I'd like to thank you for bringing this to our attention; however as blockchain.info is an important source of data for the entire community and it's important that we are aware of discrepancies like this.
As for the second part, the answer lies in the field of economics. The truth is the price of things -- that is, what people are willing to give up for something else -- is constantly changing throughout the world, though you may not notice it locally, especially if you are used to a fixed pricing system as is used in most of the western world. In a way, our financial systems are built to mask this fluctuation, but bitcoin is new and our financials systems simply aren't built to cope with it, thus we are currently seeing a lot of unusual market phenomena involving it.

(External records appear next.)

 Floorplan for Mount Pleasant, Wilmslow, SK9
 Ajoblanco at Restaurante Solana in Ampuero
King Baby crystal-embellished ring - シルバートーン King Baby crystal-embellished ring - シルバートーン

Bitcoin, like all things, actually, doesn't really have a "fixed price" -- just how much, on average a bunch of people are willing to sell it for. The price that you see on the web is actually based on an average of what many people have posted on many exchanges as their own individual bids that they are willing to share and for how much. Different sites read different bids and possibly use different methods of calculating this average, so this is why you see varying prices in various places.

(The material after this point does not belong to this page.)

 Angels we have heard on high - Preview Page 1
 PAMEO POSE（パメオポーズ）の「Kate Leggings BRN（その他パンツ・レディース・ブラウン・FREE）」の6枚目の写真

It should also be noted that a person may sell different amounts of bitcoin for different prices, say 10 BTC for $100 and 20 BTC for $180 (A 10% discount for buying double!). This can also affect changes in price.
Now, since bitcoin's price isn't fixed, you kind of have to throw the idea of "overcharging" out the window. Let's say you buy a bitcoin for $100 and I buy one for $90. Were you overcharged by $10? Perhaps. Or perhaps tomorrow someone may offer you $150 for that bitcoin. It looks like you may have been undercharged by $50. Again, since there is no real fixed price, and what people are charging for it varies so much, the idea of "overcharging" doesn't really make sense. However...
My best advice to avoid "overcharging" is just to be diligent search around for what ever is cheapest, but also be aware of what's most convenient for you.
Coinbase.com is fairly cheap, but it currently it takes about a month before you get full access to instantly purchase bitcoin. There are faster methods, but they are usually on the expensive side and I would generally avoid them after spending you month on Coinbase.
MtGox.com (as I've been informed) suffers from having both a high price and along wait to get money out of it, although their high sell price is appealing to some, such they are willing to forgo the inconvenience.
LocalBitcoins.com and Satoshi Squares (tf you can find or start one) are also good options to meet up and trade bitcons. Here, you may actually be able to negotiate face to face to ensure that you're getting a good price.